> -----Original Message-----
> From: Jan Hubicka <hubi...@ucw.cz>
> Sent: Wednesday, April 30, 2025 4:11 AM
> To: gcc-patches@gcc.gnu.org; Liu, Hongtao <hongtao....@intel.com>;
> ro...@nextmovesoftware.com; ubiz...@gmail.com
> Subject: Make ix86 cost of VEC_SELECT equivalent to SUBREG same as of
> SUBREG
>
> Hi,
> this patch (partly) solves problem in PR119900 where changing ix86_size_cost
> of chap SSE instruction from 2 bytes to 4 bytes regresses imagemagick with
> PGO (119% on core and 54% on Zen)
>
> There is an interesting chain of problems
> 1) the train run of the SPEC2017 imagick is wrong and it does not train the
> innermost
> loop of morphology apply used in ref run (other loop in the same function
> is
> trained
> instead)
> 2) rpad pass introduces XMM register with 0 which is used to break
> dependency chains
> in int->double conversion such as:
>
> vcvtusi2sdq %r14, %xmm4, %xmm1
>
> xmm1 is the 0 register. The pass turns itself off if
> optimize_funcition_for_speed
> is false, so it only matches in the cold region because MorphologyApply
> contains
> other hot code. I think the pass should prevent introducing 0 registers
> for
> cold code, but that would make imagick situation only worse since it is
> mistrained.
>
> The code produced is
>
>
> tmp_reg:V2DF=vec_merge(vec_duplicate(uns_float(input_reg:DI)),input_reg2
> :V2DF,0x1)
> output_reg:DF=subreg (tmp_reg:V2DF, 0)
>
> 3) We have splitter translating subreg to vec_select introduced by Roger
>
> https://gcc.gnu.org/cgit/gcc/commit/?id=faa2202ee7fcf039b2016ce5766a2
> 927526c5f78
>
> So after register allocation we end up with:
> xmm4:DF=vec_select(xmm4:V2DF,parallel[0])

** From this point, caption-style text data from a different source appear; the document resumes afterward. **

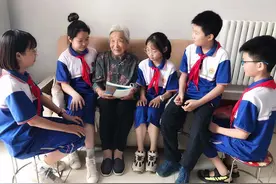 「红心向党」成武县第一实验小学庆祝建党节系列活动图片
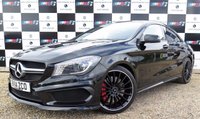 USED 2014 14 MERCEDES-BENZ CLA 2.0 CLA45 AMG 4MATIC 4d AUTO 360 BHP NAV, 19" Alloys, Perfom Exhaust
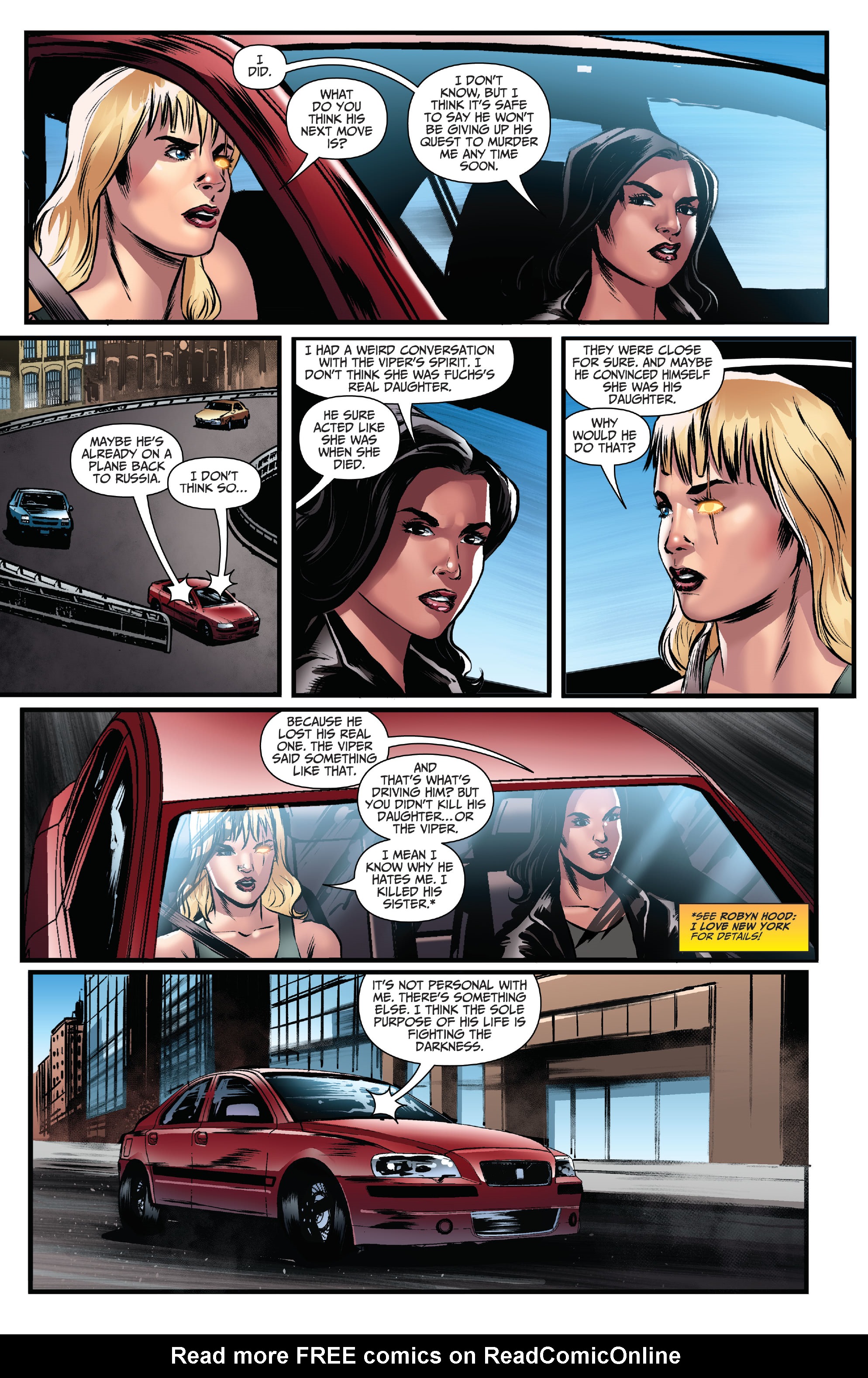 Read online Robyn Hood Annual 2022 comic -  Issue # Full - 14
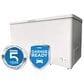 Danby Designer 14.5 Cu. Ft. Chest Freezer in White, , large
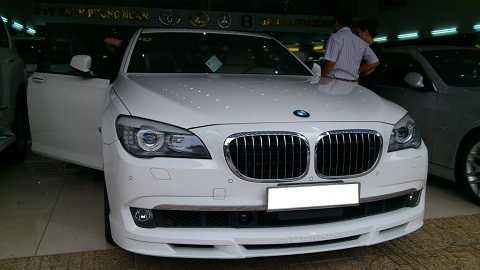 Ngắm BMW 7-Series độc nhất vô nhị tại VN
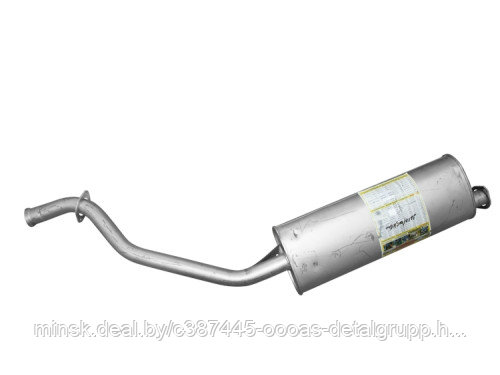 Глушитель ГАЗ-2217 Соболь,2310 дв.ЗМЗ-405 ЕВРО-3 в сборе,2310-1201008-10, фото 2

> 4) late combined pass undoes the optimization:
>
> trying to combine definition of r24 in:
> 388:
> xmm4:V2DF=vec_merge(vec_duplicate(uns_float(r14:DI)),xmm3:V2DF,0x1)
> into:
> 486: xmm4:DF=vec_select(xmm4:V2DF,parallel)
> successfully matched this instruction to *floatunsdidf2_avx512:
> (set (reg:DF 24 xmm4 [orig:168 _357 ] [168])
> (unsigned_float:DF (reg/v:DI 42 r14 [orig:151 former_height ] [151])))
> original cost = 8 + 8, replacement cost = 16; keeping replacement
>
> Here the original cost is computed from cost->sse_op and at -Os it used to be
> 4+4 (since sse_op incorrecty cheaper).
>
> There are multiple problems in this chain of events, but I think first
> problem is
> costing
>
> xmm4:DF=vec_select(xmm4:V2DF,parallel[0])
>
> as real SSE operation when it will often translate to nothing. Since
> VEC_SELECT
> is doing a job of a subreg, I think the rtx cost should be same as of the
> subreg
> which is 0.
>
target_insn_cost is used to prevent rpad optimization to be restored by
late_combine1, looks like it's not sufficient for size_cost.
21804static int
21805ix86_insn_cost (rtx_insn *insn, bool speed)
21806{
21807 int insn_cost = 0;
21808 /* Add extra cost to avoid post_reload late_combine revert
21809 the optimization did in pass_rpad. */
21810 if (reload_completed
21811 && ix86_rpad_gate ()
21812 && recog_memoized (insn) >= 0
21813 && get_attr_avx_partial_xmm_update (insn)
21814 == AVX_PARTIAL_XMM_UPDATE_TRUE)
21815 insn_cost += COSTS_N_INSNS (3);
21816
21817 return insn_cost + pattern_cost (PATTERN (insn), speed);
21818}
> Also I wonder
> 1) why we don't also translate SUBREG of other types (SF, SI, DI etc.) of a
> vector register
> same was as we do DF
> 2) I think
>
> (define_insn "sse2_storelpd"
> [(set (match_operand:DF 0 "nonimmediate_operand"
> "=m,x,x,*f,r")
> (vec_select:DF
> (match_operand:V2DF 1 "nonimmediate_operand" " v,x,m,m,m")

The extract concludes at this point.